Defendant’s next contention that he was not proven guilty beyond a reasonable doubt is without merit. It is well settled Illinois law that evidence of the recent exclusive and unexplained possession of the proceeds of a burglary may be sufficient to sustain a conviction of burglary unless there are other facts and circumstances which create a reasonable doubt of guilt. (People v. Woods (1963), 26 Ill. 2d 557, 188 N.E.2d 1; People v. Owens (1962), 23 Ill. 2d 534, 179 N.E.2d 630; People v. Pride (1959), 16 Ill. 2d 82, 156 N.E.2d 551.) Obviously, the jury did not find credible defendant’s story of finding the property in the hallway. The question was one for the jury and the verdict cannot be said to be against the manifest weight of the evidence. People v. Woods (1963), *91926 Ill. 2d 557, 188 N.E.2d 1; People v. Mathews (1950), 406 Ill. 35, 92 N.E.2d 147.

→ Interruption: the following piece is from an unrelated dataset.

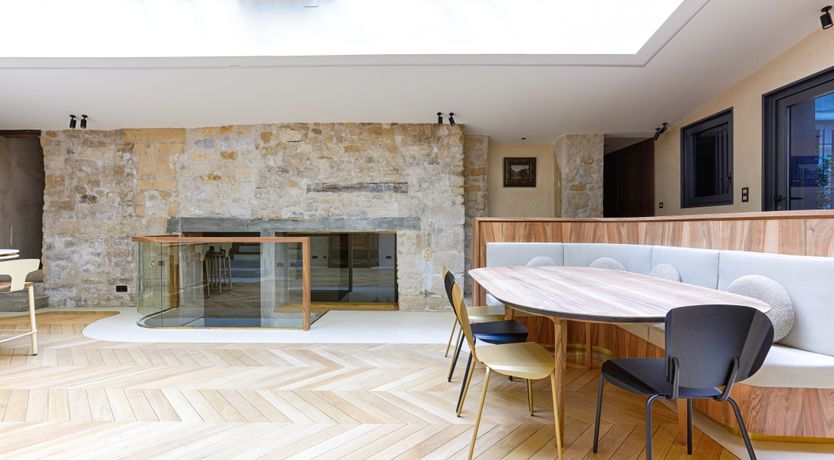 Photo of The Parisian Pearl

Finally, defendant contends that the instruction defining accountability was improperly given as it was not supported by the evidence. Even slight evidence upon a given theory of the case will justify giving an instruction. (People v. Hyde (1968), 97 Ill. App. 2d 43, 239 N.E.2d 466.) As noted previously, defendant’s exclusive and unexplained possession of property recently taken in a burglary supports the theory that he participated in the burglary as a principal. The fact that defendant might have been guilty of direct participation in the crime does not render the accountability instruction improper if there was also sufficient evidence that he aided another in the commission of the burglary. (People v. Stark (1966), 33 Ill. 2d 616, 213 N.E.2d 503.) The record is replete with such evidence. It shows that defendant had known Searcy for over a year; that both of these men were nonresidents of the building; that these appliances were taken from the same burglarized apartment; and that each of them was observed in possession of the appliances within the space of 15 minutes and within a half a floor’s distance of each other. While the evidence details the activities of Searcy and defendant which occurred after the breaking and entry, this circumstance is of no moment. Accountability requires that the assistance of the person to be held accountable must occur prior to or during the commission of the crime but such assistance can be inferred from activities which occur after the offense. (People v. Hyde (1968), 97 Ill. App. 2d 43, 239 N.E.2d 466.) Thus, the evidence, in this case adequately supported the State’s alternative theory that one of these men may have aided the other in the commission of the burglary and the State was entitled to have the accountability instruction given.
For these reasons the judgment of the circuit court of Cook County is affirmed.
LORENZ, P. J., and DRUCKER, J., concur.